• How Does Factoring Improve Your Cash Flow

    Improving cash flow can be a major dilemma for a business. Often money is just not being received fast enough to meet your outgoings in a timely manner.

    How factoring can be used to improve the cash flow of your business.The Effects Of Poor Flow Of Money Through A Business

    The effects of having poor cash flow and flow of money through a business may include:

    • Not being able to pay your creditors on time (or at all).
    • Being under constant pressure from creditors pressing for payment.
    • Being unable to meet your staff payroll.
    • Owing tax e.g. VAT, PAYE or NI contributions.
    • Constantly having to chase up unpaid invoices.
    • Being unable to draw money for yourself out of your business.
    • Not being able to focus on growth and sales.

    If your cash flow gets too bad, creditors such as trade creditors (that you purchase supplies from) or HMRC could end up taking legal action against you, and that could ultimately wound up your business. Keeping the cash flowing through a business is essential, and using factoring is one way of improving that money flow.

    How Does Factoring Improve Cash Flow?

    The main way that factoring improves business cash flow is by bridging the gap between raising invoices (or applications for payment in some sectors such as construction) and receiving the money in your account. The factoring company will make a "prepayment" against your invoices (subject to certain criteria). Typically this might be 85% of their face value - unlocking the majority of the cash tied up in your sales ledger. The remaining 15% is normally passed onto you when the customer pays, less the fees to use the factoring service.

    Quicker Customer Payments

    There are some other ways that factoring can improve the cash flow of your business. Firstly, you normally receive a credit control service as part of a factoring package. This can have a number of financial benefits. You don't need to employ your own credit controllers (depending upon the type of factoring service that you are using), so this can lead to a cost saving, reducing the financial burden on your company.

    Secondly, using a professional credit control service often improves the efficiency of your debt collection. The process used is likely to be well structured to maximise effectiveness, and often just the name of a large factoring company can encourage customers to pay in a more timely manner. There is a knock-on benefit to your cashflow. The quicker customer payments are received, the faster you get access to all those residual percentages of your invoices (the 15% in the example I used above). Again, the faster you are paid the better your business cash flow.

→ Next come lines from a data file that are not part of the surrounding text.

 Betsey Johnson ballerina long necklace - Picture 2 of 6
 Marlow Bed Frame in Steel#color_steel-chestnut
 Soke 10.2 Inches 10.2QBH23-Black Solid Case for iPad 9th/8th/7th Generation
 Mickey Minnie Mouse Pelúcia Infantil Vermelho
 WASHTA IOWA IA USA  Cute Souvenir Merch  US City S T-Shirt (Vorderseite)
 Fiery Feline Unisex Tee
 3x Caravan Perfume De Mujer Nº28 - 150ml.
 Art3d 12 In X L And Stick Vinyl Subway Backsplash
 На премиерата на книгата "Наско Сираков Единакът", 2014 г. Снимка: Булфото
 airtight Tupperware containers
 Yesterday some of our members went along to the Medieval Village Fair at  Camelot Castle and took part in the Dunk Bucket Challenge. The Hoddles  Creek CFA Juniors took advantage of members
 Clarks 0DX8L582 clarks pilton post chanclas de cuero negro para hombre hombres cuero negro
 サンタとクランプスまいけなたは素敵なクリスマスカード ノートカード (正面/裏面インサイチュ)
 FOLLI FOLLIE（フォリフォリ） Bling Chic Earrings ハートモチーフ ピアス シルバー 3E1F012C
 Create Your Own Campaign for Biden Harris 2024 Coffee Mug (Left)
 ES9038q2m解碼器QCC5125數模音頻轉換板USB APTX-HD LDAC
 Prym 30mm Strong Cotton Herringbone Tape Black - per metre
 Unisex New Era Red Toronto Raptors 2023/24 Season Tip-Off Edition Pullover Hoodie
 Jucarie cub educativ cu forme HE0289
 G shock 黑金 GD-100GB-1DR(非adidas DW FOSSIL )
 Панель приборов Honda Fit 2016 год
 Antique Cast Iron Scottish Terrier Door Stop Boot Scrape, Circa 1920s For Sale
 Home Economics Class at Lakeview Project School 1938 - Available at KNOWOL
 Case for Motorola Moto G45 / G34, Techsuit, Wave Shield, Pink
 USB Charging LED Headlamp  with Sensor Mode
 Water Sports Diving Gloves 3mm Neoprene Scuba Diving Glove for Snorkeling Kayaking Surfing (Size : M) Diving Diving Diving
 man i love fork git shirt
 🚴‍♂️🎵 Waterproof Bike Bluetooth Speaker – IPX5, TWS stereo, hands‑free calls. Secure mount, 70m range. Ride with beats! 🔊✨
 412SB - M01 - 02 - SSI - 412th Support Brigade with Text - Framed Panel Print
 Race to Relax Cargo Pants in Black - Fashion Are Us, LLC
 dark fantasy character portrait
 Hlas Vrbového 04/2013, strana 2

    Improving Business Cash Flow

    So hopefully that has explained how factoring improves cash flow. If you need some general tips about improving cash flow see our related article. We also have an article that sets out a detailed worked example of how using factoring affected your cash flow forecast so you can see step by step how the numbers work so that you can factor in the positive effect of using a factoring service when you are constructing your future cash flow forecasts.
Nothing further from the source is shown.